• _Working data_:
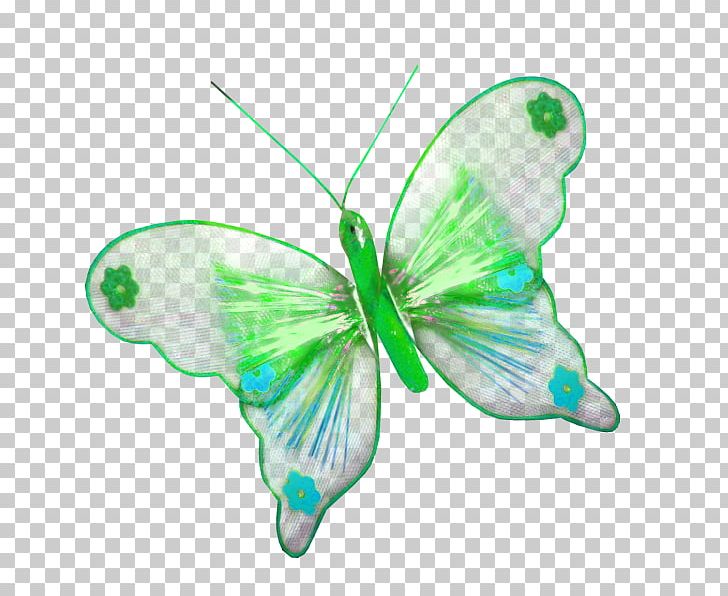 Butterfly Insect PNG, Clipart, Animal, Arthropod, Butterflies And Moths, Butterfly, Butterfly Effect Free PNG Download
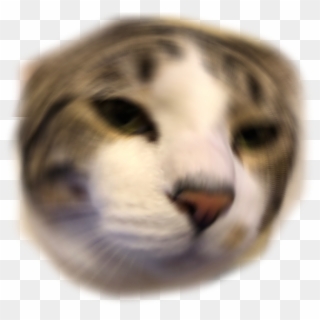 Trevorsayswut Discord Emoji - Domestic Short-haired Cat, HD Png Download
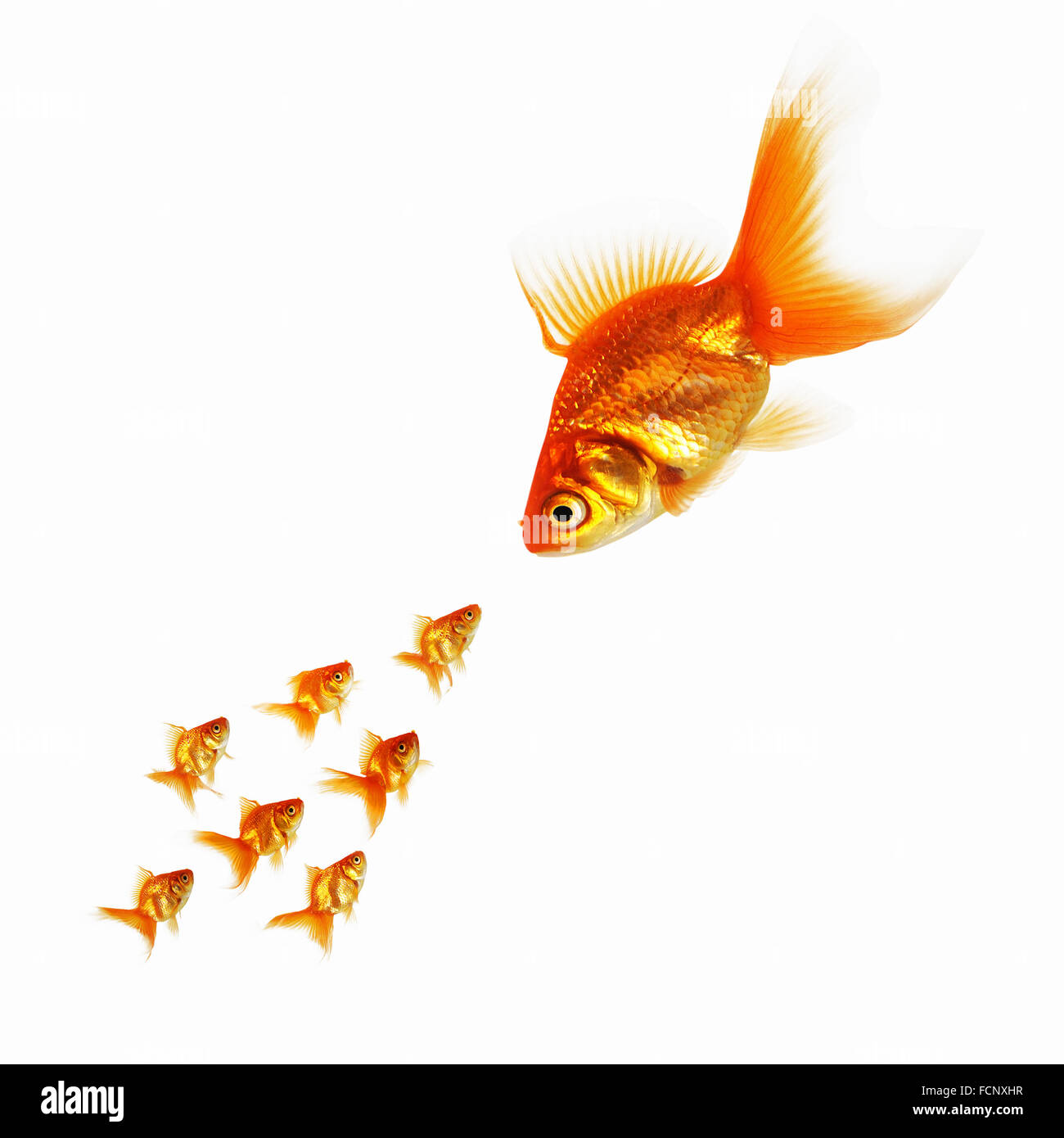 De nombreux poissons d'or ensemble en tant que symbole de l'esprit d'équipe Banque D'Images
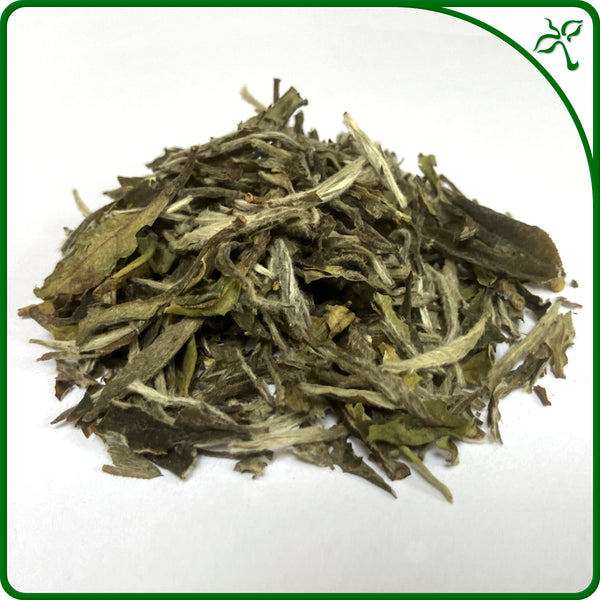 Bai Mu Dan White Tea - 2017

---

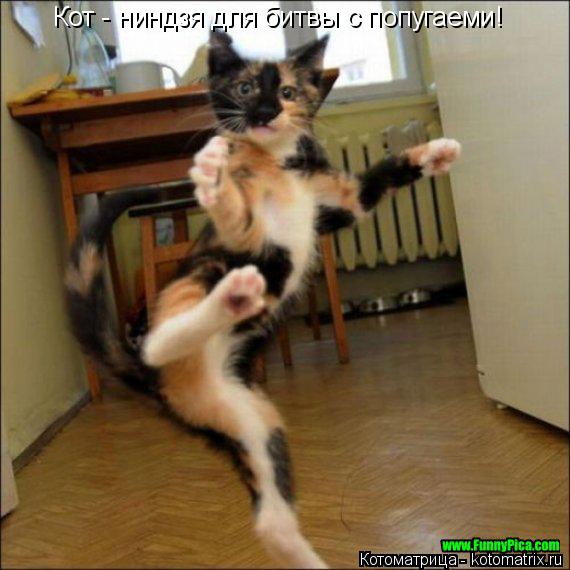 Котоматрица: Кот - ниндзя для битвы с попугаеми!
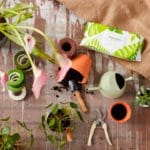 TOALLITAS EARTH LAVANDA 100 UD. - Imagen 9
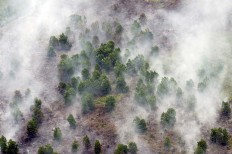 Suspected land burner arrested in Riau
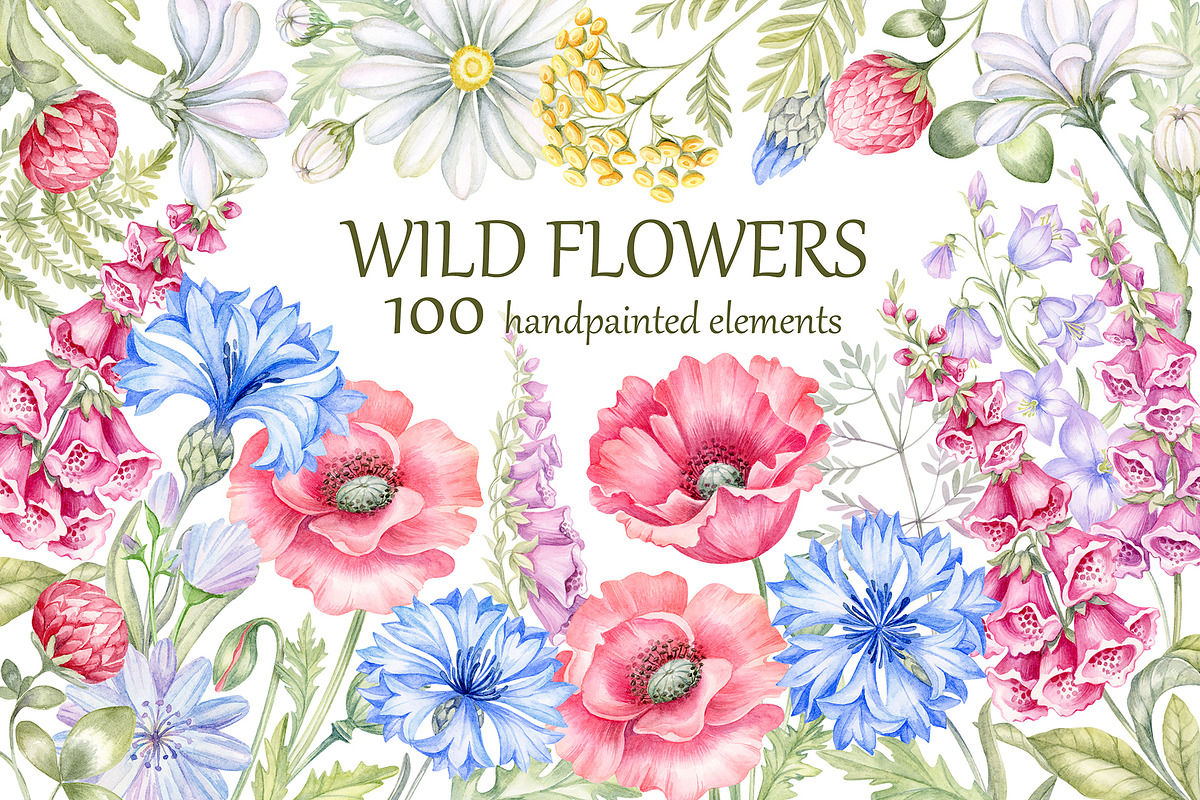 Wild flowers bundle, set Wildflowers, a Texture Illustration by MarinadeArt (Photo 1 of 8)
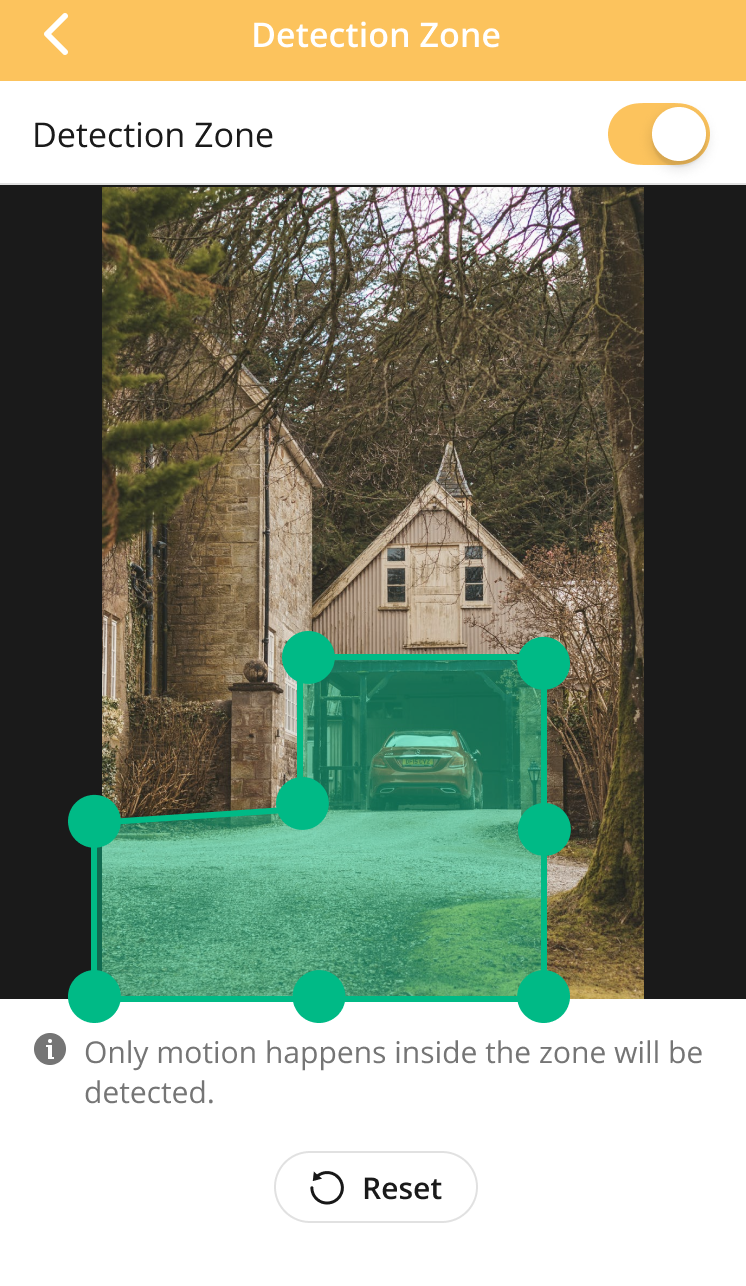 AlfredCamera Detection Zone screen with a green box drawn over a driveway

• _Task goal_:
Excerpt from the records above: set down only the lines from the one that contains "Butterfly Insect PNG, Clipart, Animal, Arthropod, Butterflies" through the one that contains "Bai Mu Dan White Tea - 2017", inclusive, word for word. Pictures stay out.

• _Output for this task_:
 Butterfly Insect PNG, Clipart, Animal, Arthropod, Butterflies And Moths, Butterfly, Butterfly Effect Free PNG Download
 Trevorsayswut Discord Emoji - Domestic Short-haired Cat, HD Png Download
 De nombreux poissons d'or ensemble en tant que symbole de l'esprit d'équipe Banque D'Images
 Bai Mu Dan White Tea - 2017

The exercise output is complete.